# Pandas

In [None]:
!pip install pandas 

# import sys
# sys.executable
# ! path/to/python -m pip install pandas

In [None]:
%%capture
!pip install jupyter_contrib_nbextensions;

In [None]:
%%capture
!jupyter contrib nbextension install;

In [None]:
%%capture
!jupyter install jupyterthemes

In [None]:
!jt -l

In [None]:
!jt -t monokai

In [None]:
%%capture
!jupyter nbextension enable codefolding/main;

In [None]:
import numpy as np
import pandas as pd

# What is Pandas?

Pandas can be thought as an enhanced version of numpy arrays. In this case, the rows and columns can be identified with labels instead of just simple integer indices.

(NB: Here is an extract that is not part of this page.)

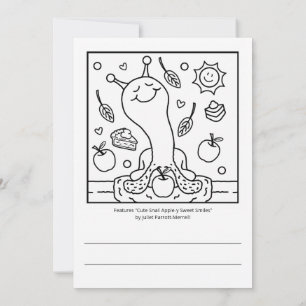 Cute Snail Apple-y Sweet Smiles Fall Coloring  Card
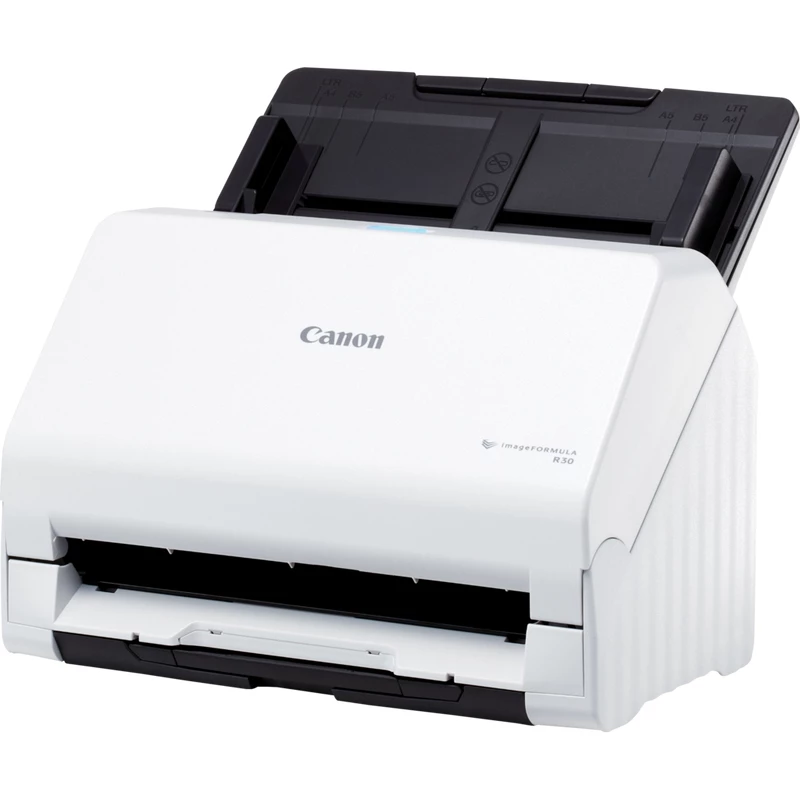 Canon imageFORMULA R30 Treiberloser Desktop-Dokumentenscanner, 216 x 356 mm, 600 x 600 DPI, ADF + Einzelblatteinzug, Weiß, CIS, RGB LED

* [Documentation](https://pandas.pydata.org/docs/reference/index.html#api)
* [GitHub](https://github.com/pandas-dev/pandas/blob/master/pandas/core/base.py)

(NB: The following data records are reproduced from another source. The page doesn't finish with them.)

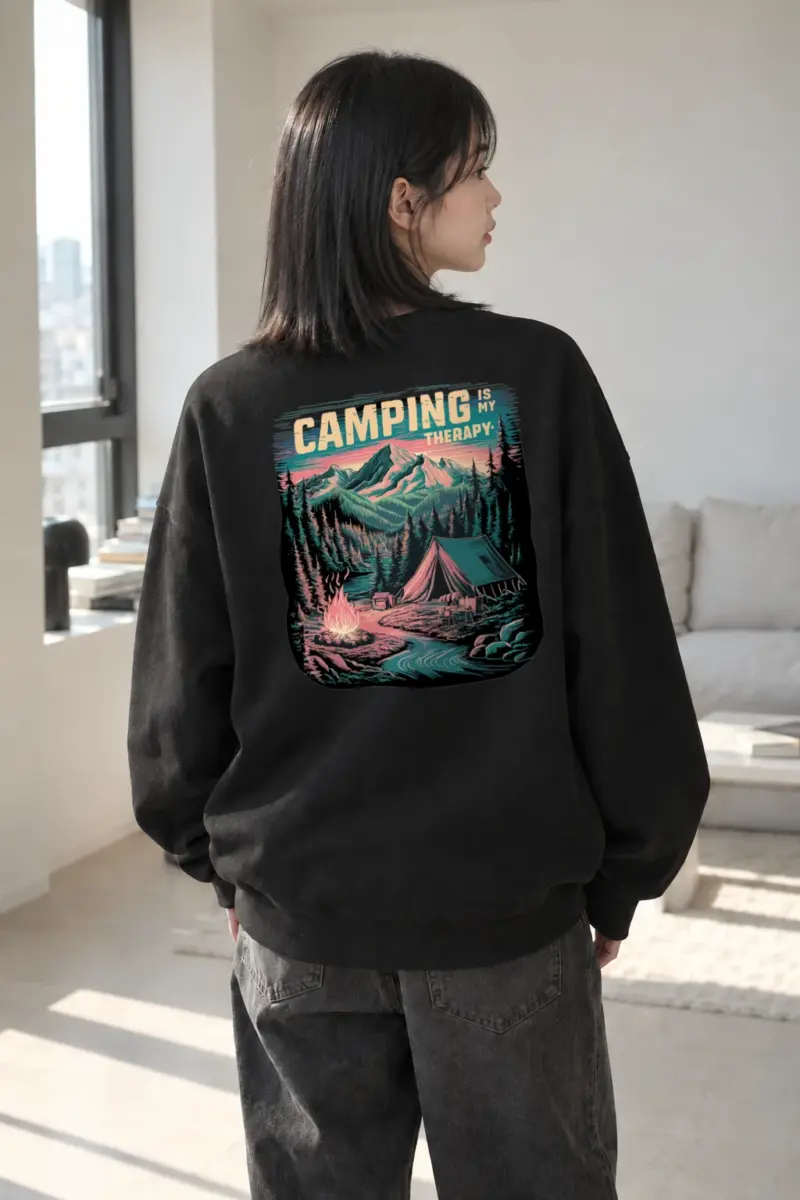 "Camping Is My Therapy" Heavy Blend Unisex Crewneck Sweatshirt | Gildan 18000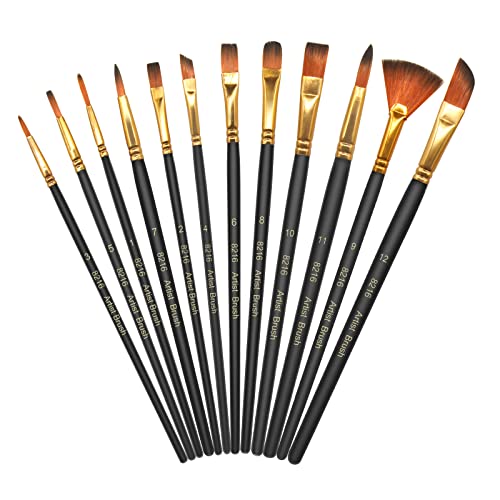 Skaaisont 12 Stück Set,Nylonpinselset Acrylfarben Kunstpinsel, Feiner Pinsel,Stifte mit Glatter Spitze, Korpus aus Holz,Geeignet für Acrylfarben,Aquarelle,Öle und Gouache, Schwarz von Skaaisont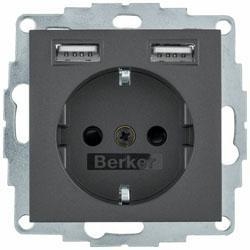 HAGER POLO  Berker Q.1/Q.3/Q.7 gniazdo z/u Schuko z ładowarką USB Q.1/Q.3/Q.7, antracyt aksamit 48036086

There are **three** main pandas elements we **need** to understand.
1. Pandas Series
2. Pandas DataFrame
3. Index
----

# 1. The Pandas Series

**The primary building block of Pandas**. A pandas series is a one-dimensional (**1-D**) indexed array.

In [None]:
import pandas as pd
#from pandas import Series

In [None]:
type(pd.Series)

In [None]:
pd.Series

In [None]:
pd.Series(dtype='int')

## 1.1 Creating a Pandas Series

In [None]:
# From a list
values = [1, 2, 3, 4]
series1 = pd.Series(values)
print(series1)

In [None]:
nome_linhas = ['I', 'II', 'III', 'IV']

series2 = pd.Series(data = values, 
                    index = nome_linhas)

print(series2)

In [None]:
nome_linhas = [['I', 'II'], 'II', 'III', 'IV']
series2 = pd.Series(data = values, 
                    index = nome_linhas)
print(series2)

In [None]:
# From a dict

dict_notas = dict({'Titanic' : 7.8,
                  'Dune' : 8.2,
                  'Dune (David Lynch)' : 6.4,
                  'House of Gucci' : 7.0,
                  'Joker' : 8.4,
                  'Alien' : 8.4})
notas_imdb = pd.Series(dict_notas, name = 'nota_imdb')
print(notas_imdb)

In [None]:
# From a dict

dict_notas = dict({'Titanic' : 7.8,
                  'Dune' : 8.2,
                  'Dune (David Lynch)' : 6.4,
                  'House of Gucci' : 7.0,
                  'Joker' : 8.4,
                  'Alien' : 8.4})
nomes_errados = ['Dune', 'Dune DL', 'Titanic', 'Coringa', 'Gucci']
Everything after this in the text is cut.